James Brandily opte pour la transparence à jardin, laissant apparaître un escalier métallique. Cette scénographie apparaît très esthétique pour concevoir le taudis que représente l’appartement des Kowalski, malgré le mobilier ramassé à cour. Cet écrin confère toutefois, une résonance contemporaine au huis clos de Tennessee Williams, crée en 1947 et immortalisé par l’adaptation cinématographique d’Elia Kazan en 1951. Traduit par Isabelle Famchon, A Streetcar Named Desire, revient ici moins sombre et sensuel. La mise en scène de Pauline Susini se concentre sur les névroses d’une Blanche, composée par Cristiana Reali, fougueusement instable. Schizophrène au passé nébuleux, elle oscille entre petite fille capricieuse et bourgeoise railleuse. En dépit de ses rêves de princesse, cette veuve outragée jette son dévolu sur Harold Mitchell dit « Mitch » (Lionel Abelanski), vieux garçon inconsistant vivant avec sa mère malade. Douce et avenante, Alysson Paradis campe Stella, qui perd peu à peu son sourire face à l’affrontement entre son mari et sa sœur, auxquels elle se soumet. Ces trois comédiens concourront aux Molières 2024 pour leurs prestations dans la pièce. Marie-Pierre Nouveau prête sa gouaille à Eunice Hubbell, la logeuse flanquée d’un mari à l’alcool mauvais. Nicolas Avinée manifeste la violence du prosaïque Stanley Kowalski par des hurlements. Ce « Polack » d’un niveau social inférieur à celui de la famille de son épouse est adepte de parties de poker avec Mitch, son ancien compagnon d’armes et collègue à l’usine, Steve Hubbell (Djibril Pavadé) et Pablo Gonzales (Simon Zampieri ou Tanguy Malaterre). Impatient de se débarrasser de son invitée encombrante qui monopolise notamment sa baignoire, il dénonce sa mythomanie. Il assène le coup de grâce plongeant Blanche dans la démence.

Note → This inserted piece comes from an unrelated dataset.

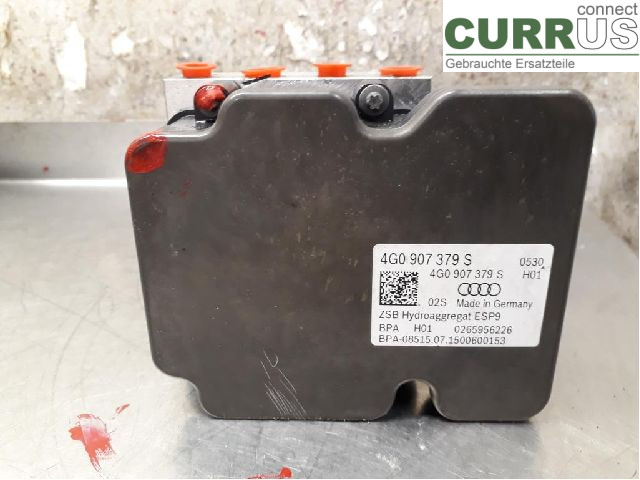 AUDI A6/S6 4G   11-18 Unité hydraulique ABS 4G0614517AK CRTE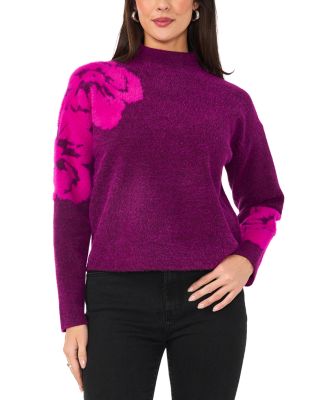 VINCE CAMUTO - Mock Neck Sweater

Un tramway nommé Désir est l’adaptation moderne d’un chef-d’oeuvre.

Un tramway nommé Désir au théâtre des Bouffes Parisiens (2e).
Du 31 janvier au 28 avril 2024.
Du mercredi au samedi à 20h et tous les dimanche à 15h30.

Maman : une douce mélodie

Sur le trottoir, devant la vitrine de sa boutique de vêtements de grossesse, elle attend le taxi qui la ramènera chez elle. Emmitouflée dans un manteau de fourrure, elle patiente dans Maman sur la scène du théâtre Édouard VII. Un jeune homme la dépasse, revient et l’interroge : « C’est combien ? » Cette gênante question pour les deux protagonistes établit les fondements du fruit d’une rencontre impromptue. Elle est engageante, lui peu loquace. Elle semble heureuse, lui perdu. Elle paraît ne pas lui en tenir rigueur, lui s’en veut de sa méprise. Le taxi interrompt ces premiers échanges. De retour chez elle, Jeanne rapporte sa mésaventure à son mari et lui suggère une idée folle. Cette femme ordinaire pourvue d’un brin de fantaisie et de largesse d’esprit nécessaires pour rompre la routine, dévoile sa fêlure. Meurtrie dans sa chair un soir comme celui-ci, les blessures de l’âme s’apprêtent à cicatriser grâce à sa rencontre fortuite avec un jeune homme.

Une mélodieuse mélancolie résonne lors des passages de la devanture, sublimée par une chaleureuse décoration de noël, à la demeure peu chargée en mobilier d’Emmanuelle Roy. Samuel Benchetrit signe une pièce émouvante empreinte de simplicité, de sincérité, d’absurde et d’humour. Il offre à Vanessa Paradis des débuts prometteurs sur les planches. Sa frêle silhouette devient celle de Jeanne, une mère au désœuvrement dissimulé par son naturel. Elle forme un couple attachant avec Bernard, bonhomme résigné et conciliant campé par Éric Elmosnino. Félix Moati incarne la désinvolture d’un jeu homme esseulé. Gabor Rassov complète la distribution, en promeneur nocturne. Ces personnages malheureux s’avèrent prêts à s’unir et à saisir les opportunités d’un instant de joie ou d’un avenir plus doux.

Maman est une pièce dans laquelle s’accordent tendresse et rires.

Maman au théâtre Édouard VII (9e).
Du 14 septembre 2021 au 16 janvier 2022.
Du mardi au samedi à 21h, les samedis à 16h30 et les dimanches à 16h.